Situasi kemudian diperparah dengan hilangnya akses komunikasi dan internet sebagai dampak invasi tanpa henti Israel ke Gaza. Provider telekomunikasi Palestina, Paltel, misalnya mengatakan bombardir Israel mengikbatkan terputusnya jaringan komunikasi dan internet mereka. Hal ini kemudian mengakibatkan 2,3 juta warga Gaza yang terjebak terputus dengan akses terhadap dunia luar. Tidak adanya akses komunikasi, internet, bensin dan air membuat kota tersebut diselimuti kegelapan total. Sejumlah warga, jurnalis dan kelompok sipil lainnya harus kehilangan kontak atas Nasib keluarga mereka pasca terputusnya aliran komunikasi dan internet.
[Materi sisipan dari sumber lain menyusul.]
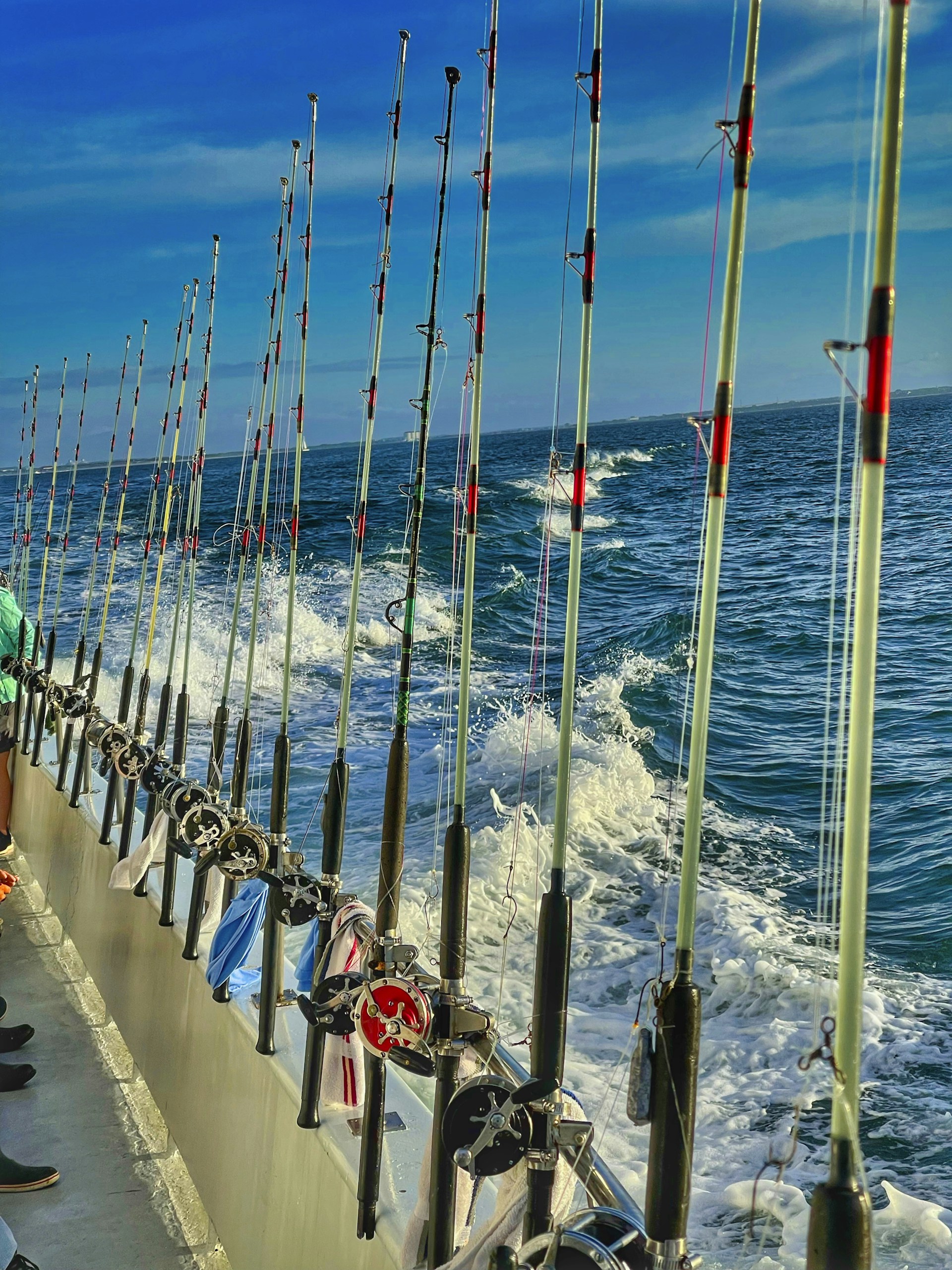 A cozy fishing setup on board with all the gear ready, showing the full-service experience offered by Delpasofishing.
Pemerintah Israel sendiri memang memiliki reputasi kejam dalam menghabisi warga Gaza. Mereka tidak pernah ragu untuk menghancurkan seluruh fasilitas sipil, termasuk sekolah, rumah sakit, tempat ibadah dan media, yang seharusnya tidak boleh dihancurkan. Namun, sikap diatas angin pemerintah Israel yang seakan tidak tersentuh membuat mereka merasa bebas menghancurkan apapun di Gaza dengan justifikasi bahwa Hamas berada di dalam target sasaran yang dihancurkan. Pemerintah Israel berargumen bahwa mereka sudah memperingatkan warga Gaza untuk mengungsi dari wilayah Utara ke Selatan, namun mereka tetap membombardir wilayah Selatan juga.
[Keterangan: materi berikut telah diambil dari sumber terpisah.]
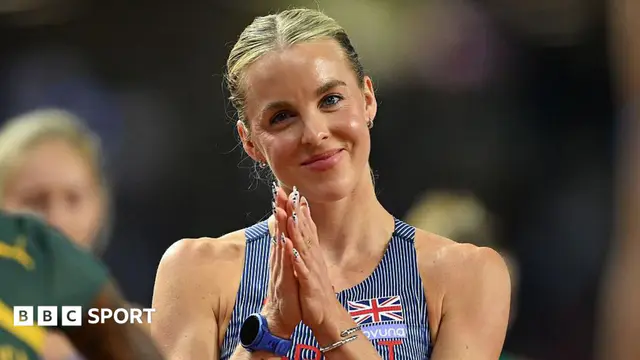 Head and shoulders of Keely Hodgkinson, wearing a blue GB vest with thin white stripes, standing with her hands together in front of her chest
“Kami melarikan diri dari wilayah yang menjadi target dan mendatangi wilayah lain yang juga ditargetkan. Kami terkejut atas segalanya, sebagaimana kobaran api diarahkan kepada kami. Tidak ada tempat yang aman di Gaza.” Ujar Shadi Al-Ghazi, warga Gaza, seperti dikutip Aljazeera.
Kendati bantuan kemanusiaan sudah mulai masuk melalui perbatasan Rafah, Mesir, namun masuknya bantuan tidak sebanding dengan kebutuhan warga. Pemerintah Israel membatasi hanya 20 truk yang bisa masuk gaza setiap harinya, sementara ratusan Truk mengantri sejak lama di perbatasan Rafah. Hal ini kemudian menimbulkan kekhawatiran bahwa Israel sedang melancarkan Genosida atau pemusnahan etnis di Gaza.
PENUTUP
Apa yang terjadi di Gaza sekali lagi menggambarkan bagaimana arogansi Israel yang tidak bisa tersentuh hukum dan dengan derasnya dukungan negara-negara Barat dan sekutunya, mereka semakin merasa diatas angin untuk melakukan pembantaian dan penghancuran total atas Gaza. Konflik antara Israel dan Palestina bukanlah sesuatu yang baru. Hal ini sudah berlangsung selama 75 tahun lamanya sejak negara Yahudi tersebut terbentuk pada tahun 1948 dengan mengorbankan banyak warga Palestina.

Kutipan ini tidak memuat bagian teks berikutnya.